The functions of the OTA master <NUM> illustrated in the above embodiment may be implemented as a software update control method that is performed by an in-vehicle computer including a processor (CPU), a memory, and a storage device, as a software update control program that causes the in-vehicle computer to perform the functions, or as a computer-readable non-transitory storage medium storing the software update control program. The functions of the OTA master <NUM> illustrated in the above embodiment may also be implemented as a microcomputer equipped with a software update control method or a microcomputer having an update control program installed in a storage device.

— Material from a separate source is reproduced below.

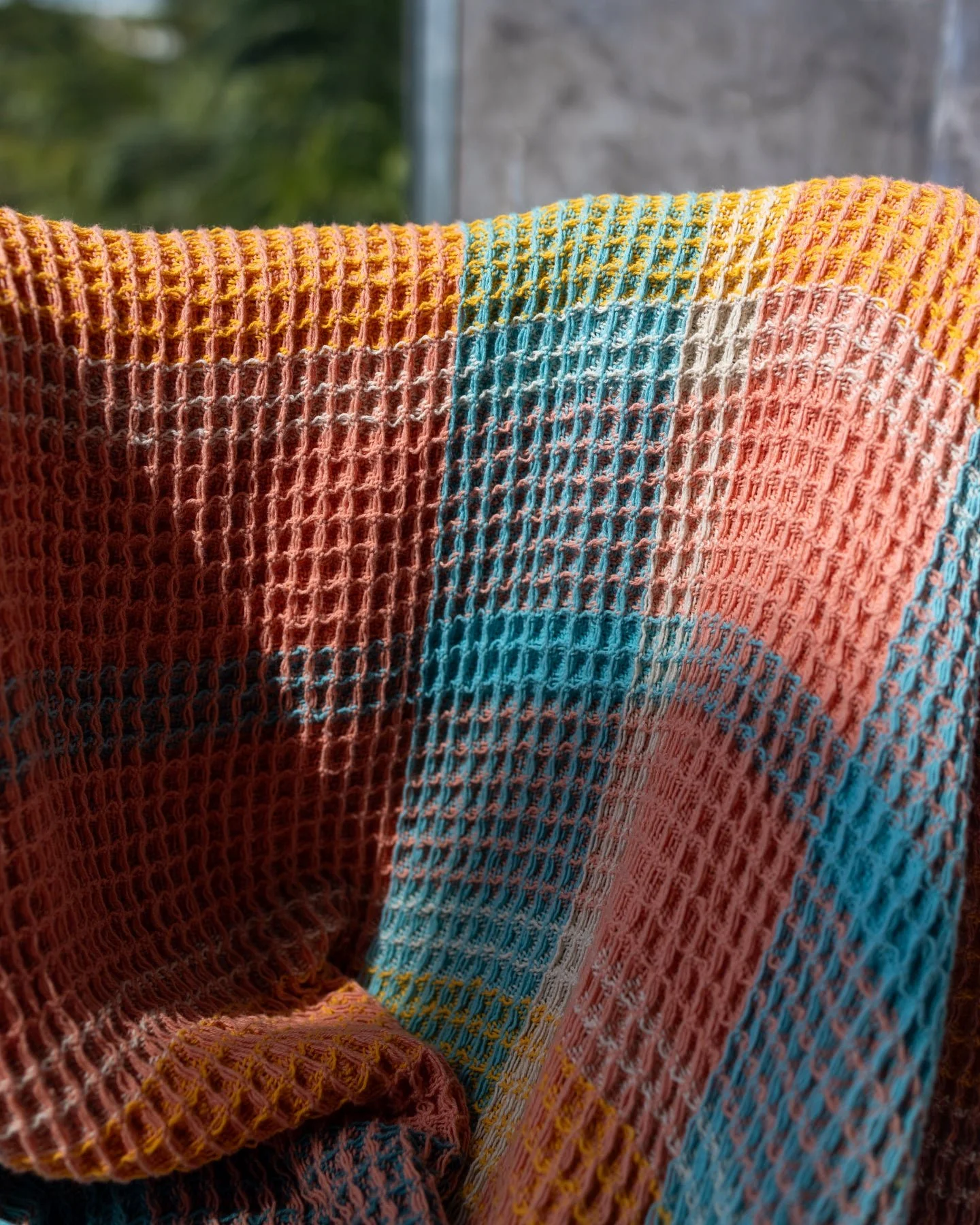 Polly Organic Cotton Waffle Knit Throw Blanket - Image 4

In the example described in the above embodiment, the OTA master <NUM> on the in-vehicle network controls program updates on all the electronic control units 13a to 13d. However, instead of providing the OTA master <NUM>, one of the electronic control units 13a to 13d may have the update control function shown in <FIG> and may control software updates on the other electronic control units. Instead of providing the OTA master <NUM>, an external device that can be connected to the in-vehicle network <NUM> by wire may have the update control function shown in <FIG>, and the program update process for the electronic control units 13a to 13d may be performed using this external device.

Claim 1:
An Over-The-Air, OTA, master (<NUM>), comprising:
a receiving unit (<NUM>) configured to receive update data for software being rewritable and stored in a memory included in a target electronic control unit (13a, 13b, 13c, 13d) from a center;
a storage unit (<NUM>) configured to store the update data; and
a control unit (<NUM>) configured to:
control a process of software update in which the software of the target electronic control unit (13a, 13b, 13c, 13d) is updated to a newer version of the software based on the update data,
characterized in that the control unit (<NUM>) is configured to, after transferring the update data from the storage unit (<NUM>) to the target electronic control unit (13a, 13b, 13c, 13d) in the process of the software update:
when the transferred update data includes the update data for the target electronic control unit (13a, 13b, 13c, 13d) including a single-bank memory as the memory, cause the storage unit (<NUM>) to retain the update data for the target electronic control unit (13a, 13b, 13c, 13d) including the single-bank memory after transferring the update data until the process of the software update in the target electronic control unit (13a, 13b, 13c, 13d) is successfully completed, and delete the update data for the target electronic control unit (13a, 13b, 13c, 13d) including the
single-bank memory from the storage unit (<NUM>) after the process of the software update for the target electronic control unit (13a, 13b, 13c, 13d) including a
single-bank memory is successfully completed, wherein the control unit (<NUM>) determines whether the software update process for the target electronic control unit (13a, 13b, 13c, 13d) has been successfully completed based on a notification from the target electronic control unit (13a, 13b, 13c, 13d) including the single-bank memory; and
when the transferred update data includes the update data for the target electronic control unit (13a, 13b, 13c, 13d) including a dual-bank memory as the memory, delete the update data for the target electronic control unit (13a, 13b, 13c, 13d) including the dual-bank memory from the storage unit (<NUM>) after transferring the update data.